Open joranE opened 1 month ago
Oh, that's interesting! 👀 Notice that you can observe the same problem without using bundle at all, but instead xgboost::xgb.save.raw()
and xgboost::xgb.load.raw()
(which is how bundle stores xgboost models):
library(xgboost)
set.seed(1)
data(agaricus.train)
data(agaricus.test)
mod <- xgboost(
data = agaricus.train$data, label = agaricus.train$label,
max_depth = 2, eta = 1, nthread = 2, nrounds = 2,
objective = "binary:logistic"
)
#> [1] train-logloss:0.233376
#> [2] train-logloss:0.136658
object <- xgboost::xgb.save.raw(mod, raw_format = "ubj")
res <- xgboost::xgb.load.raw(object, as_booster = TRUE)

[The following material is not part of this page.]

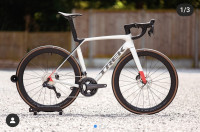 Trek Madone SL7 Gen 8 ML 56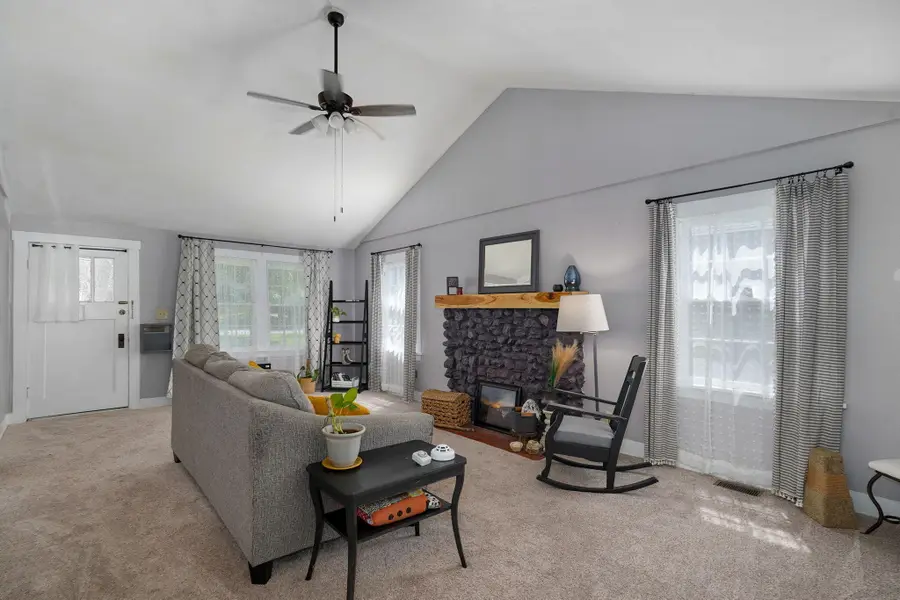 1225 E Stanford Street, Springfield, MO 65804 - #3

xgboost::xgb.importance(model = res)
#> Feature Gain Cover Frequency
#> <char> <num> <num> <num>
#> 1: f28 0.67615470 0.4978746 0.4
#> 2: f55 0.17135376 0.1920543 0.2
#> 3: f59 0.12317236 0.1638750 0.2
#> 4: f108 0.02931918 0.1461960 0.2
Created on 2024-07-29 with reprex v2.1.0
I think the source of this problem is probably the same as https://github.com/dmlc/xgboost/issues/5018 (the feature names need to be stored into the booster for raw_format = "ubj"
), if you would like to share the problem you are running into there.
Thanks!
I'm aware of the extended discussion in #50 but I was still somewhat surprised that an xgboost model object after bundling & unbundling returns garbled variable names when trying to call
xgb.importance
. I understand that the primary purpose of bundling is to preserve the ability to make new predictions, but I wasn't expecting to lose functionality from non-tidymodels functions form the xgboost package itself.I understand why various tidymodels functionality wouldn't be preserved, but I would have expected that the object would be passable to functions in the xgboost package designed to work on an
xgb.Booster
object and get the same results.Is this also the intended behavior of bundling, in which case I should save the variable importance information prior to bundling if I require it?